The problem with “good,” for me, is that it still makes reference to some universal aesthetic/moral standard, and I don’t tend to believe in those. Even the “do unto others” credo (like “first, do no harm” and my simpler college motto, “don’t hurt people”) isn’t really universal. I mean, what about tough love? What about protecting yourself from a dangerous or toxic person? As a professor, I’ve had to give a bad grade—even fail someone—because that person didn’t meet my standard, even though they met their own (or had other stuff about which they were more concerned); sometimes, as a result of a bad grade from me, a student’s GPA dropped enough that they were unable to play on a sports team, or lost the chance to do something else they wanted to do. What about, on a more mundane note, choosing one person as a bestie instead of another? Aren’t those standards in direct opposition, sometimes, to the needs of the many, or of yourself? Won’t enacting some of those standards hurt someone?

I had a student once who used to say, loudly, in response to almost anything, “Don’t judge!” That used to infuriate me: judgment is what keeps me from walking into traffic or putting my hand into fire; it’s also what keeps me from befriending people who are going to treat me badly, or paying almost $20 to watch a film that will give me no pleasure of any sort but put money in the pockets of someone whose values and behavior are deplorable to me (ahem: Mel Gibson, THE PASSION OF THE CHRIST).

My point is, those standards don’t always apply, and neither should aesthetic standards, right?

When I make choices as a writer, when I aim for some particular effect or choose to create in a particular way, I’m setting an aesthetic standard that applies to that piece, and I’m trying to stick with it. Then, when it’s finished, I can evaluate (1) if I managed to achieve that aesthetic standard and (2) if the standard produces something I think is good and thus (3) if the standard itself is something I think is good.

I think we each do that when we consume and evaluate something, too (a meal, a book, a piece of art). Maybe it would be helpful to think about this as we read that book or listen to that song:

1.How is this piece defining “good”? What’s it shooting for?

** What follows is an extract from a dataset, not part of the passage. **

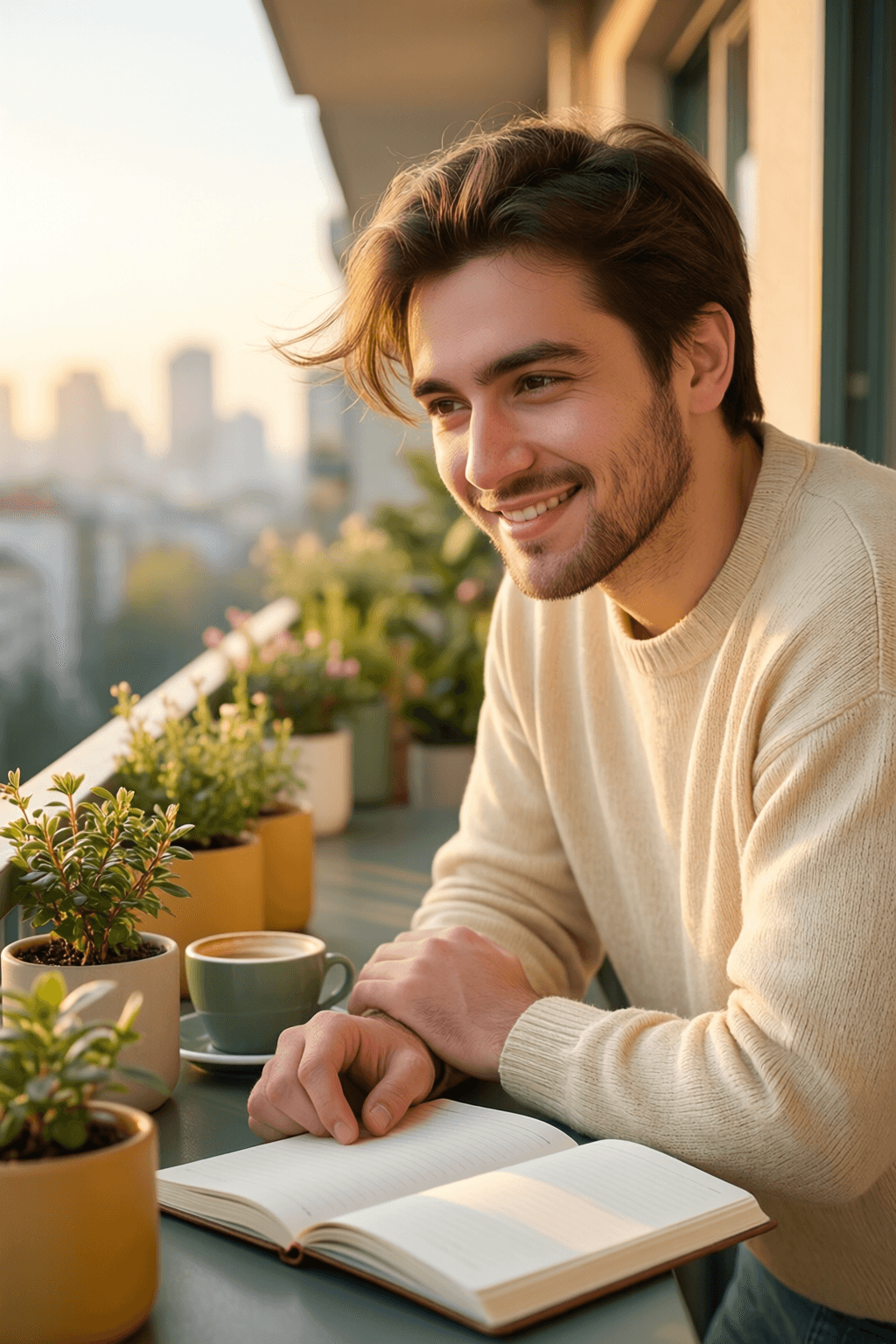Los momentos entre tus hitos no son relleno. — Nelou Keramati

2.Did the piece achieve its goals?

3.Do I like the piece? Does it bring me some kind of pleasure? (Pleasure can be aesthetic, moral, intellectual; outrage can be a kind of pleasure; so can be perplexity, or feeling conflicted; pain can be pleasure, even watching something painful to the eye (too bright an image, for example, or the too-quick cuts in many films), and  anyone who likes horror films can attest that controlled terror is a kind of pleasure…)

4.Do I agree with the standard? Can the standard be applied to other things? Do I want to adopt it as my own standard?

In other words, perhaps my (and your?) engagement with art, ideas, and other kinds of production is about two things: finding pleasure of some sort AND testing out a standard of “good” in order to add to my own definition.

But back to that initial question: can we call something “good” if most people don’t like it? Can it be called “good” if only certain types of people (white people, or rich people, or Americans, or anti-gun folk) like it?

I’m still dubious about such universal standards, and I’m beginning to convince myself that not only are they improbable, they are also unhelpful. Maybe the better question to ask myself as I write is not “is it good?” but “do I like it?” That may be, for me, at least, more important.

What a driveway means

I live in Brooklyn, in New York City. Most of the houses here don’t have driveways; anyone who has a car usually parks it on the street. We have to keep the streets clear for the street sweepers that drive through once a week, so we try to keep track of the schedule: no parking on this side of the street on Mondays 11:30-1pm, no parking on that side on Tuesdays, no parking on the next block on Thursdays from 8:30-10am. If you fail at keeping track, you get a ticket usually costing $75. It’s an irritating and ridiculously-complex system that was probably designed to earn the city parking ticket money more than to keep the streets clear for the sweepers. If you have a car and you don’t drive it to work every weekday, you must re-park it (and spend, in the winters, sometimes, an hour surfing for a viable space) at least a couple times a week.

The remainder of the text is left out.